Exercise requirements:
Return the lines of the data below starting at the one holding "A volunteer using" and ending at the one holding "Tommy Jeans Women's", word for word, leaving every picture out.
*** Task data ***
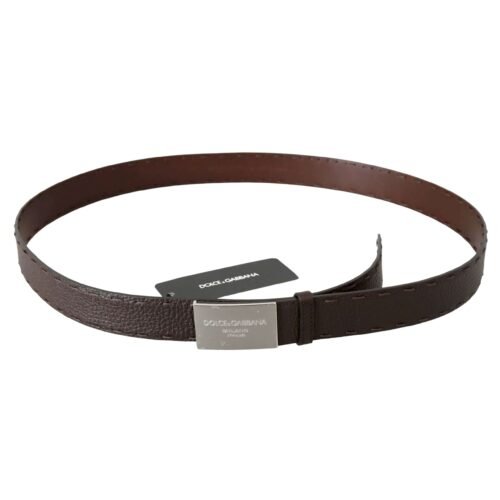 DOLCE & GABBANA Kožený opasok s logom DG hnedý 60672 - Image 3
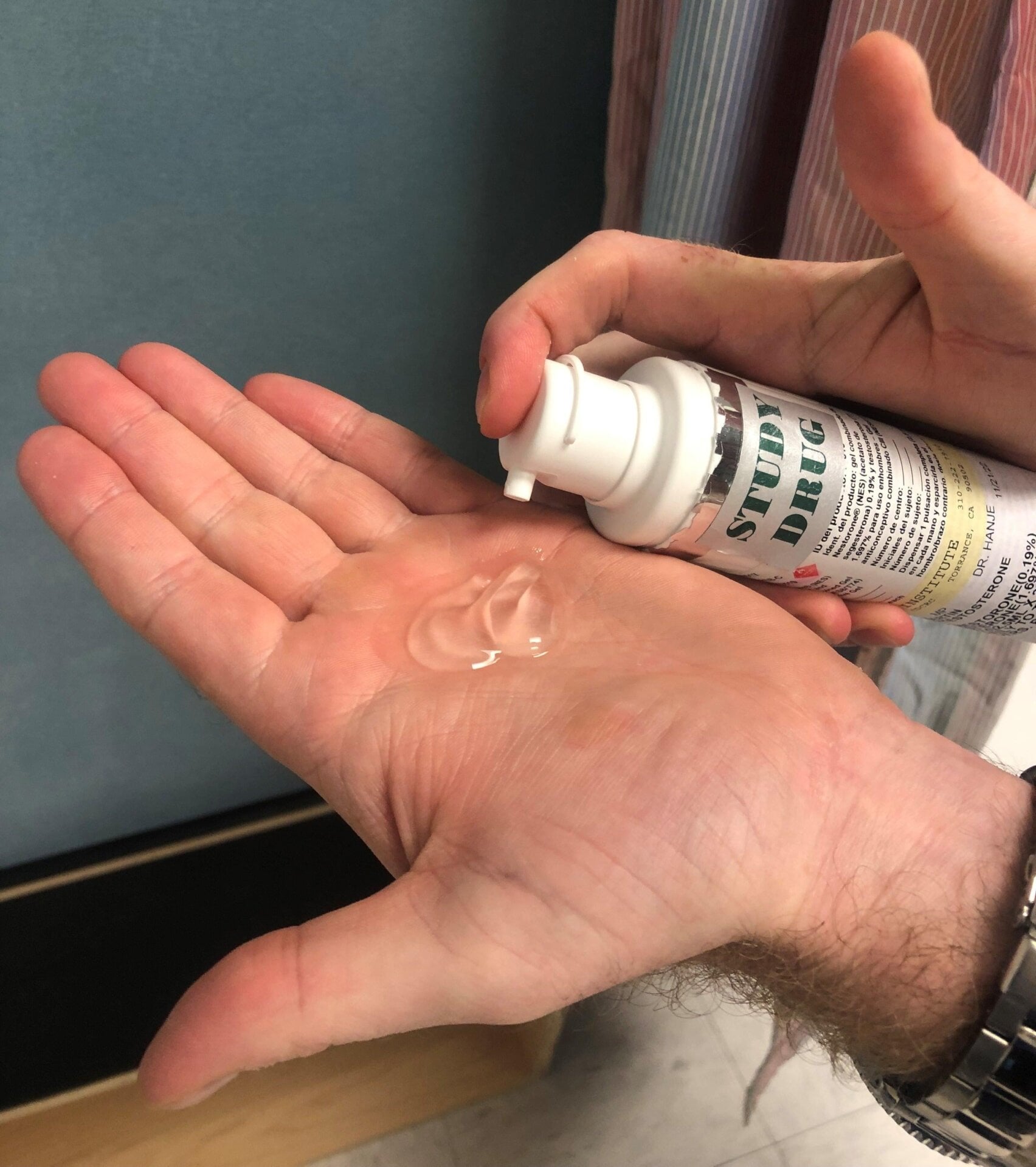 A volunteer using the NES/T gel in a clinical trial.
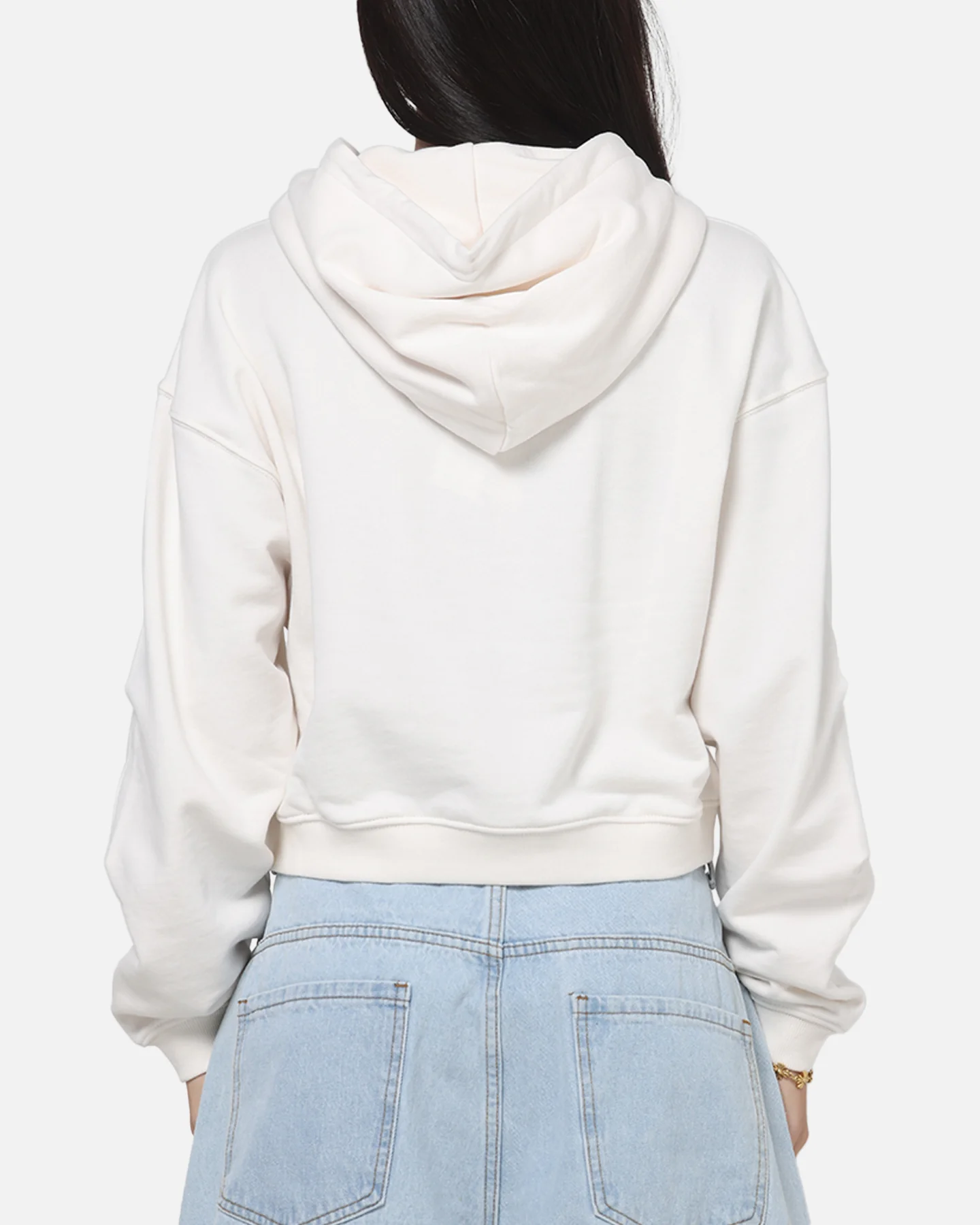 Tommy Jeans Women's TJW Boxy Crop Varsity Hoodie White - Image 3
*** End of Task data ***
*** Task data ***
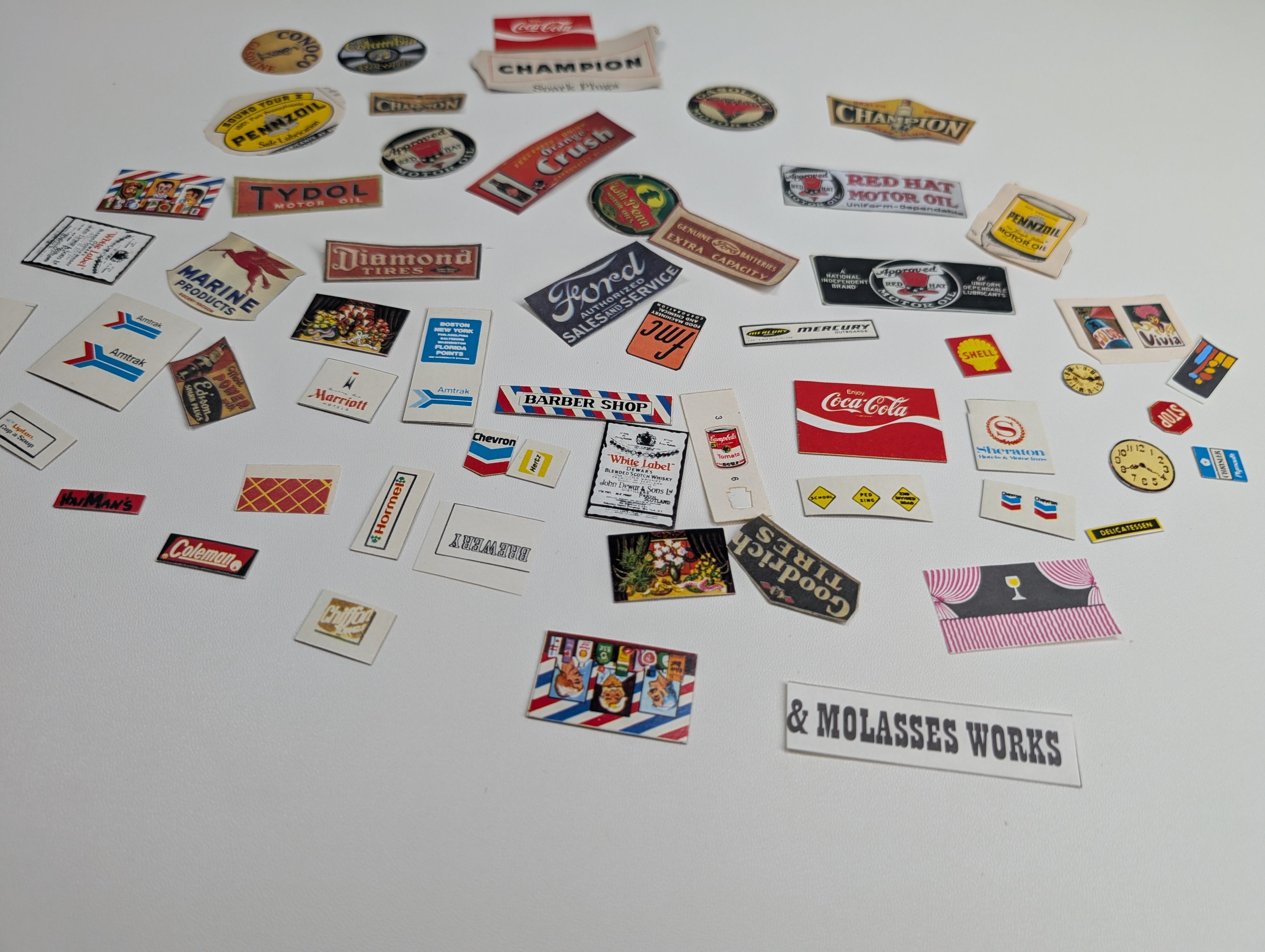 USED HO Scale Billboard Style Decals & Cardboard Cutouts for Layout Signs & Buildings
*** End of Task data ***
Task response:
 A volunteer using the NES/T gel in a clinical trial.
 Tommy Jeans Women's TJW Boxy Crop Varsity Hoodie White - Image 3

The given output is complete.